Le but de Frédéric Ozanam, en venant à Paris, n’était pas seulement d’y poursuivre ses études juridiques et littéraires. Il l’a dit lui-même dans l’avant-propos de la «Civilisation au Ve siècle». «Touché d’un bienfait si rare — (la foi) — je promis à Dieu de vouer mes jours au service de la vérité.» Et sa correspondance nous révèle par quel moyen il entendait rendre ce service fructueux. Son rêve était de grouper «des jeunes gens pensant et sentant comme lui... travaillant ensemble à l’édifice de la science, sous l’étendard de la pensée catholique. »
Or, ce groupement de jeunesse, il avait existé à Paris, pendant les dernières années de la Restauration: c’était la société des Bonnes Etudes, dirigée par Bailly qui dès 1832 essayait de la reconstituer en réunissant quelques étudiants catholiques pour traiter de questions d’histoire, de droit, de littérature, de philosophie. On appelait cette réunion la «Conférence d’Histoire».
Frédéric Ozanam s’empressa de pénétrer dans ce petit cénacle. C’était, le meilleur terrain pour rencontrer et connaître les étudiants catholiques, peu nombreux alors, dispersés dans Paris, et s’ignorant les uns les autres.

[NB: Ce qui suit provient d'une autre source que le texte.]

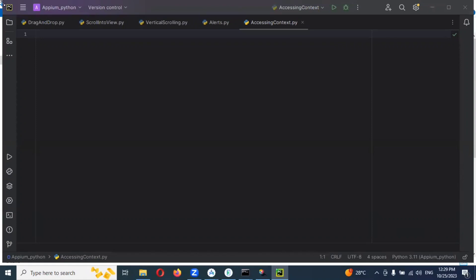Welcome back and today we are going to be discussing about accessing context. This context is basically, before starting —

Il y prit, en même temps, contact avec une jeunesse universitaire appartenant à toutes les opinions, car rapidement la Conférence d’Histoire avait ouvert ses portes à tous contradicteurs et était devenue un champ clos où s’affrontaient toutes les théories religieuses, historiques, philosophiques ou sociales, soutenues avec cette chaleur et cette intransigeance que n’a point encore émoussées l’expérience de la vie. Et la question religieuse était, alors, trop brûlante pour ne pas se retrouver au terme de toutes les discussions. Un des membres les plus assidus de ces réunions hebdomadaires écrira plus tard, en parlant d’elles: «On traitait de omni re scibili et quibusdam aliis, mais, la question religieuse se mêlait à tout .»
Frédéric Ozanam conquit bien vite, dans ce milieu, une prééminence indiscutée, non pas qu’il exerçât sur son entourage une séduction physique: de taille médiocre, et sans élégance, d’allure timide et plutôt embarrassée, de tenue négligée, les yeux gris, doux, plutôt tristes au repos, il n’attirait pas, tout d’abord, l’attention. Il ne possédait aucun de ces avantages extérieurs souvent précieux à l’orateur. Mais lorsque sous une impression vive, il prenait la parole pour la défense des idées qui lui étaient chères, alors, sitôt surmontée cette gêne du début, définie par Lacordaire «ce mal d’éloquence qui s’empare de quiconque dit son âme devant un auditoire», il révélait tout l’éclat de ses facultés: érudition remarquable, acquise par un travail intense, et servie par une mémoire prodigieuse: maturité d’esprit surprenante chez un si jeune homme, imagination vive et cependant disciplinée, parole élégante, colorée, persuasive, révélant l’exquise sensibilité d’une âme embrasée de convictions ardentes, réalisant l’idéal de l’éloquence tel que Fénelon la conçoit «la forte et persuasive manifestation d’une âme noblement inspirée.» De là cette primauté due à sa supériorité intellectuelle et reconnue d’autant plus volontiers par ses camarades que son caractère attirait toutes les sympathies par une modestie parfaite.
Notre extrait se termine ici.